If St. Mary's activities increased, so has that of many of our peers.
The result has been a continued stretching of the service and supply sector.
Rig day rates have continued to increase.
Thus far, we have been willing and able to absorb the increases in areas where we have active programs exhibiting strong economics.
In areas where we have short-term drilling programs, we have, at times, had difficulty securing rigs to drill individual wells.
The rising costs of casing made headlines in 2004 with steel cost for tubular goods rising almost 100% during the year.
The increasing casing costs appeared to have slowed but small percentage increases are still being noted.

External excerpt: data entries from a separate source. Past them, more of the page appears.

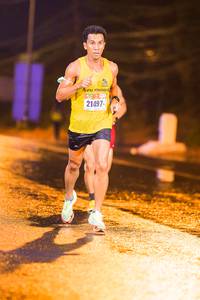 BIB: 21497
                            <button type="button" onclick="openModal(18181857)" class="btn btn-primary btn-sm float-right btn-popup" data-toggle="modal" data-target=".modal-high-quality">
                        <i class="fas fa-shopping-cart"></i> Add to Cart
                    </button>
                                            <button type="button" onclick="isThisMe(18181857, true)" class="btn btn-success btn-sm float-right btn-popup btn-isme hidden" data-toggle="tooltip" data-placement="bottom" title="นี่คือรูปของคุณใช่ไหม คลิกที่นี่เพื่อเอาเข้าอัลบั้ม">
                        <i class="fas fa-plus"></i> Add to album
                    </button>
                    <button type="button" onclick="isThisMe(18181857, false)" class="btn btn-warning btn-sm float-right btn-popup btn-isnotme hidden">
                        <i class="fas fa-ban"></i> Remove from album
                    </button>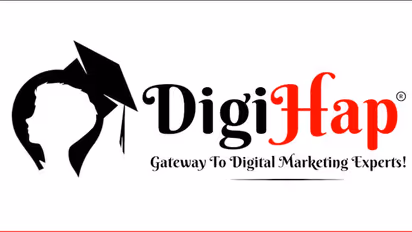 Digihap – Transform your life by learning a new skill from India’s best e-learning Ed-Tech platform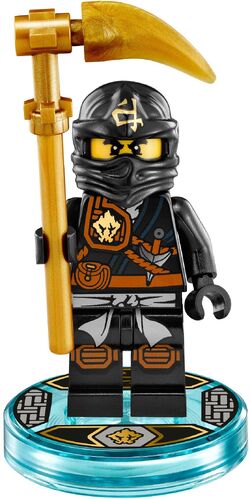 そら 71207 Team Pack | Ninjago Wiki | Fandom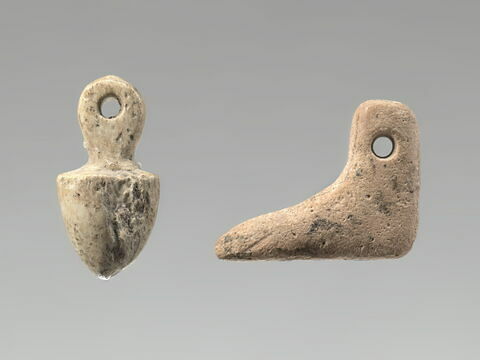 amulette, image 3/5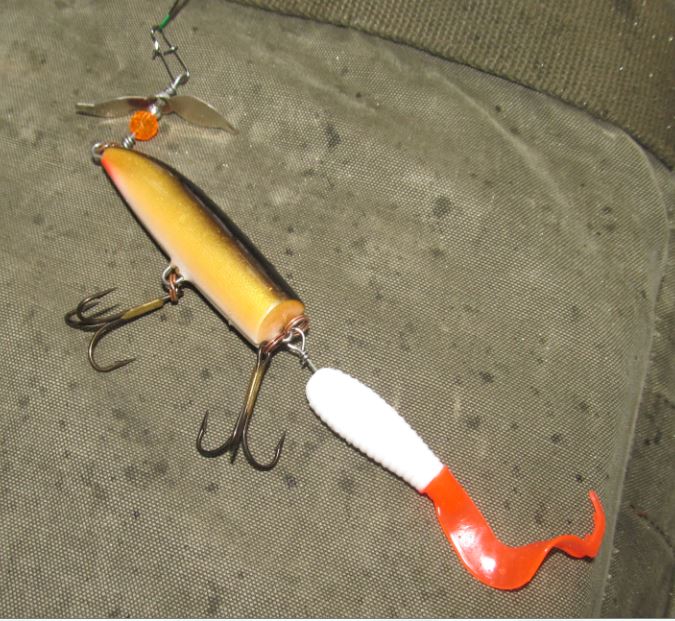 ABU 444 ....... 10.JPG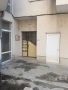 Апартамент от собственик, снимка 1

Cost for services such as cementing, tracking and logging are trending up and we are expecting overall cost increases of approximately 20% for 2005.
Current commodity prices have more than offset the increase in service and supply costs, but the relationship between prices and costs must be monitored carefully as we proceed through 2005.
At this point, I will go into a little more detail in two of our key projects, beginning with Northeast Mayfield in Beckham County Oklahoma. 2004 was a transitional year at Northeast Mayfield.
St. Mary began operating in the field in 1996 and by following methodical delineation program through 2003, excellent results were achieved.
Beginning in 2004, the level of activity at Northeast Mayfield increased dramatically.
The increased activity included a number of deep step-out wells that were more exploratory in nature.
As a result, 2004 numbers, as you might expect, were not on par with historic results.
However, the majority of the leasehold is now held by production and it appears that with the knowledge gained in 2004, profitable development of the field should proceed in 2005.
St. Mary has three operated rigs running at Northeast Mayfield and is participating in one non-operated drilling well.
In addition, nine wells are being tested or completing.
Net field rate for 2004 averaged 20 million cubic feet per day as compared to an average of 25.6 million cubic feet per day for 2003.
St. Mary's budgeted $33.6 million for drilling and completion of the Northeast Mayfield in 2005.
The 2005 capital program should maintain current production levels with the possibility of modest growth.
In the Williston Basin, the horizontal Bakken program continues to perform very well.
Gross operated Bakken oil volumes in Richland County, Montana, increased from 600 barrels of oil per day in January 2004 to 1,600 barrels of oil per day in December 2004 and have further increased to 3000 barrels of oil per day in February 2005.
Our two most recent completions, the State 416-H and the France 215-H were brought online in early February, flowing between 500 and 600 barrels of oil per day per well.
In North Dakota, the flat top deep federal is 2114-HR is flowing back at a rate of 175 barrels of oil per day after being fraced and cleaned out.
The Mondac federal 328-HR has not been fraced but is bumping approximately 250 barrels of oil per day.
Both wells are single lateral reentries of existing well bores.
We are currently drilling our fifth horizontal Bakken reentry in North Dakota.
The company has two drilling rigs and to reentry rigs working in the Bakken play.
A third drilling rig is scheduled for arrival in late May. 30 wells are budgeted in the Bakken for 2005, which includes 20 operated and 10 non-operated wells.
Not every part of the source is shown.